EXERCISE DETAILS — Only the closing stretch of the material belongs in the answer: the line containing "50 Colorful Cross" and every line after it, copied exactly.

══ EXERCISE DATA

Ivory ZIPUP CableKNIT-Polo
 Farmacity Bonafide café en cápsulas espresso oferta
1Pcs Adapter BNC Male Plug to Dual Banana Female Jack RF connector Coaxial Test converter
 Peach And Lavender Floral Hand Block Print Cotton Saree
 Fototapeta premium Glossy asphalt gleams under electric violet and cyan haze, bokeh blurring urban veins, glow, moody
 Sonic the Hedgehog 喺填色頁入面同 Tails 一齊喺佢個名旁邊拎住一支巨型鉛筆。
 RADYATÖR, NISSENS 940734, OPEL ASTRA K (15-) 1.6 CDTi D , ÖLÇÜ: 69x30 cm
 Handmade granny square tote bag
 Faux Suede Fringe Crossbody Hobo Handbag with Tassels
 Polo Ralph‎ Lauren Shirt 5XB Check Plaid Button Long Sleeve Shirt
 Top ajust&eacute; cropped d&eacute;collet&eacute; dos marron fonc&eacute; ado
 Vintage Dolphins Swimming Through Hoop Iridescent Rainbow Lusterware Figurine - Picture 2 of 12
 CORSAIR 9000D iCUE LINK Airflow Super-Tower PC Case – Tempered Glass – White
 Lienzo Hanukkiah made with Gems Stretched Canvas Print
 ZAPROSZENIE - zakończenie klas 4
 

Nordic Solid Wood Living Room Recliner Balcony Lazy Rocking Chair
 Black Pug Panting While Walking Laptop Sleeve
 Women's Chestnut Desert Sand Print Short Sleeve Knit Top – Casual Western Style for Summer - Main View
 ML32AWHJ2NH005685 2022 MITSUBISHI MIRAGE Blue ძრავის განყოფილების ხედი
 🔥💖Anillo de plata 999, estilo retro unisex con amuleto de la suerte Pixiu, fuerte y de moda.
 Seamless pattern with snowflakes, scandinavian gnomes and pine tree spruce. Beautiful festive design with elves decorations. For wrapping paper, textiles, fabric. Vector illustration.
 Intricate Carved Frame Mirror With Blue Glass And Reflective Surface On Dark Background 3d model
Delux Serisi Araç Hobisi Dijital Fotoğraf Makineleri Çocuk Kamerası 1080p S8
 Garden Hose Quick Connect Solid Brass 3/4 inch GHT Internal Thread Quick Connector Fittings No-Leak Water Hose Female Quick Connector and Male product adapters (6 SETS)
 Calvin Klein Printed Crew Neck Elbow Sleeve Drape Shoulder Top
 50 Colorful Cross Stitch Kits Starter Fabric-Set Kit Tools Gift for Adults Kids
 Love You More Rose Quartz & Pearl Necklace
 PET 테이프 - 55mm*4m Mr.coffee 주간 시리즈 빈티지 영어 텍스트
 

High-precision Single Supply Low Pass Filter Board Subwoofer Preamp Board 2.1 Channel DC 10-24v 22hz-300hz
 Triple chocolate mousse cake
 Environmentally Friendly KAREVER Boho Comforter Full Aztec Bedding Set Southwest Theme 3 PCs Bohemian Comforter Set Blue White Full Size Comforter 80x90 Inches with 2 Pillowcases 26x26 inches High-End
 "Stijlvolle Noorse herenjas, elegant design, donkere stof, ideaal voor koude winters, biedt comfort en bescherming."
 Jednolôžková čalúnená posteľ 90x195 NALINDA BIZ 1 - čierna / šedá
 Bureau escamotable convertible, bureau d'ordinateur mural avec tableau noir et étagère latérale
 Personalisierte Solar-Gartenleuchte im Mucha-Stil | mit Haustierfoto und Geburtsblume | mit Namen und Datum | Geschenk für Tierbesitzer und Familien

════

ANSWER SECTION —
 50 Colorful Cross Stitch Kits Starter Fabric-Set Kit Tools Gift for Adults Kids
 Love You More Rose Quartz & Pearl Necklace
 PET 테이프 - 55mm*4m Mr.coffee 주간 시리즈 빈티지 영어 텍스트
 

High-precision Single Supply Low Pass Filter Board Subwoofer Preamp Board 2.1 Channel DC 10-24v 22hz-300hz
 Triple chocolate mousse cake
 Environmentally Friendly KAREVER Boho Comforter Full Aztec Bedding Set Southwest Theme 3 PCs Bohemian Comforter Set Blue White Full Size Comforter 80x90 Inches with 2 Pillowcases 26x26 inches High-End
 "Stijlvolle Noorse herenjas, elegant design, donkere stof, ideaal voor koude winters, biedt comfort en bescherming."
 Jednolôžková čalúnená posteľ 90x195 NALINDA BIZ 1 - čierna / šedá
 Bureau escamotable convertible, bureau d'ordinateur mural avec tableau noir et étagère latérale
 Personalisierte Solar-Gartenleuchte im Mucha-Stil | mit Haustierfoto und Geburtsblume | mit Namen und Datum | Geschenk für Tierbesitzer und Familien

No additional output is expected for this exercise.